TOML with ISQ Quantization
[model]
model_id = "meta-llama/Llama-3.1-8B-Instruct"
[speculative]
gamma = 16
[speculative.draft_model]
model_id = "meta-llama/Llama-3.2-1B-Instruct"
isq = "Q8_0"
Using the Python SDK
from mistralrs import Runner, Which, ChatCompletionRequest, Architecture
runner = Runner(
which=Which.Plain(
model_id="mistralai/Mistral-7B-Instruct-v0.1",
arch=Architecture.Mistral,
),
which_draft=Which.GGUF(
tok_model_id="mistralai/Mistral-7B-Instruct-v0.1",
quantized_model_id="TheBloke/Mistral-7B-Instruct-v0.1-GGUF",
quantized_filename="mistral-7b-instruct-v0.1.Q4_K_M.gguf",
),
speculative_gamma=32,
)
res = runner.send_chat_completion_request(
ChatCompletionRequest(
model="default",
messages=[
{"role": "user", "content": "Tell me a story about the Rust type system."}
],
max_tokens=256,
presence_penalty=1.0,
top_p=0.1,
temperature=0.1,
)
)
print(res.choices[0].message.content)
print(res.usage)
Python SDK Parameters
| Parameter | Type | Description |
|---|---|---|
which_draft | Which | Draft model specification (Plain, GGUF, etc.) |
speculative_gamma | int | Number of draft tokens per step (default: 32) |
Using the Rust SDK
You can find this example at mistralrs/examples/speculative/main.rs.
use anyhow::Result;
use mistralrs::{
IsqType, RequestBuilder, SpeculativeConfig, TextMessageRole, TextMessages,
TextModelBuilder, TextSpeculativeBuilder,
};
#[tokio::main]
async fn main() -> Result<()> {
let target = TextModelBuilder::new("meta-llama/Llama-3.1-8B-Instruct")
.with_logging();
let draft = TextModelBuilder::new("meta-llama/Llama-3.2-1B-Instruct")
.with_logging()
.with_isq(IsqType::Q8_0);
let spec_cfg = SpeculativeConfig { gamma: 16 };
let model = TextSpeculativeBuilder::new(target, draft, spec_cfg)?
.build()
.await?;
let messages = TextMessages::new()
.add_message(
TextMessageRole::System,
"You are an AI agent with a specialty in programming.",
)
.add_message(
TextMessageRole::User,
"Hello! How are you? Please write generic binary search function in Rust.",
);
let response = model.send_chat_request(messages).await?;
println!("{}", response.choices[0].message.content.as_ref().unwrap());
dbg!(
response.usage.avg_prompt_tok_per_sec,
response.usage.avg_compl_tok_per_sec
);
Ok(())
}
Choosing Draft and Target Models
For best performance:
- Use the same model family - Draft models from the same family as the target (e.g., Llama 3.2-1B with Llama 3.1-8B) typically have higher acceptance rates
- Smaller is better for draft - The draft model should be significantly smaller than the target for meaningful speedup
- Quantize the draft model - Using ISQ or GGUF quantization on the draft model reduces memory and improves draft generation speed
- Tune gamma - Monitor acceptance rates and adjust gamma accordingly
Example Model Pairings
| Target Model | Draft Model | Notes |
|---|---|---|
| Llama 3.1-8B | Llama 3.2-1B | Same family, good acceptance |
| Llama 3.1-70B | Llama 3.1-8B | Large speedup potential |
| Mistral-7B | Mistral-7B (Q4_K_M GGUF) | Same model, quantized draft |
Performance Considerations
- Acceptance rate: Higher acceptance rates lead to better speedups. Monitor your logs for rejection statistics.

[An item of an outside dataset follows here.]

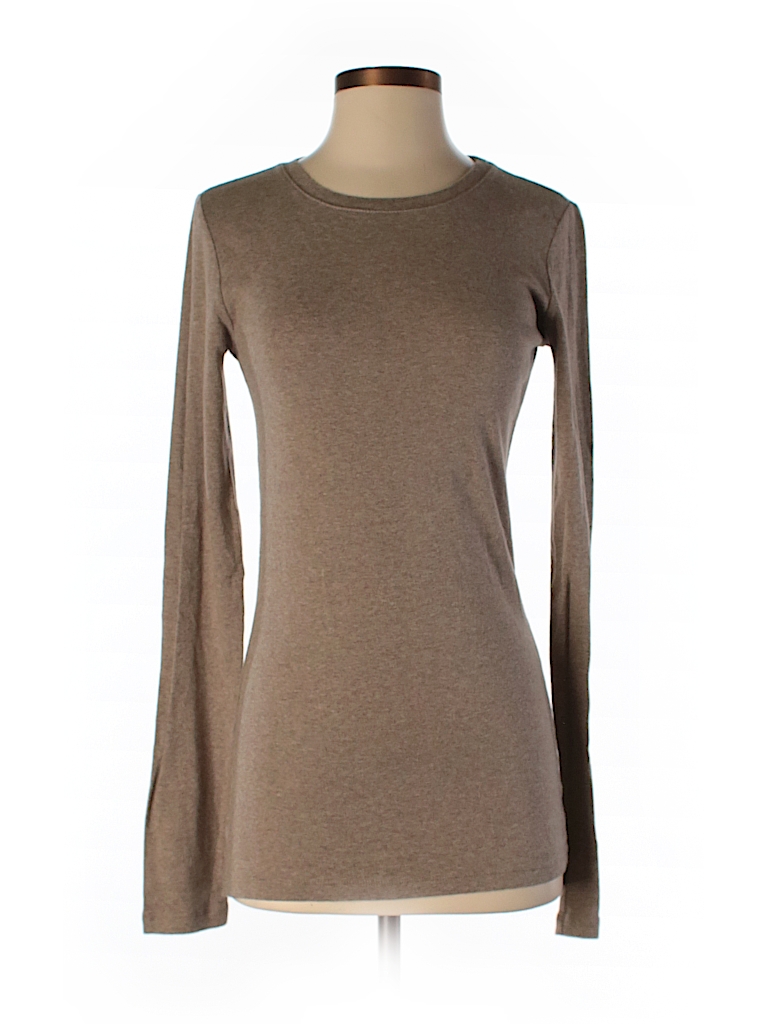 Gap 100% Cotton Solid Tan Long Sleeve T-Shirt Size S (Tall) - 62% off ...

- Draft model overhead: If the draft model is too large relative to the target, the overhead may negate speedup benefits.

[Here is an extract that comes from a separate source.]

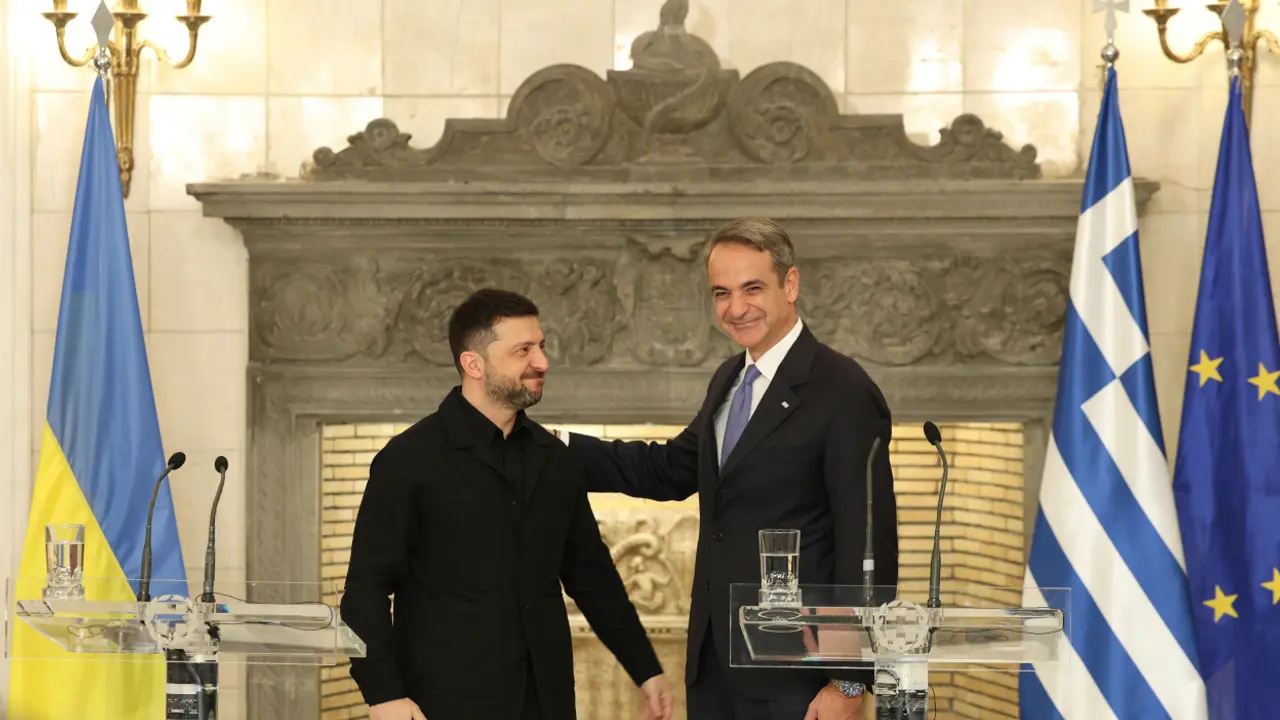 Volodimir Zelenski i Kirjakos Micotakis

- Batch size: Speculative decoding is most beneficial for single-request scenarios. For high-throughput batch inference, standard decoding may be more efficient.
- Memory usage: Both models must fit in memory simultaneously. Consider quantizing one or both models.

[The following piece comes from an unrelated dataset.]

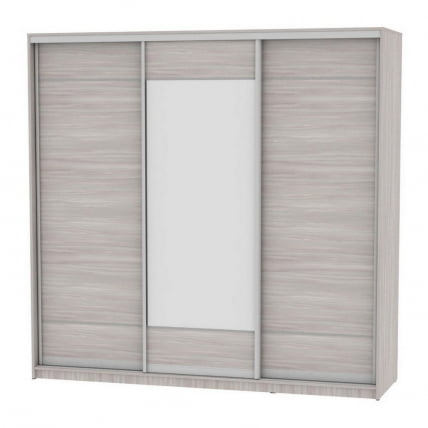 Шкаф-купе B-230х235х60-3(ЯШС-D7D8D7)_0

Combining with Other Features
Speculative decoding can be combined with:
- ISQ quantization - Quantize target, draft, or both models
- X-LoRA adapters - Use adapters on the target model
- Device mapping - Distribute models across multiple GPUs
See examples/python/speculative_xlora.py for an example combining speculative decoding with X-LoRA.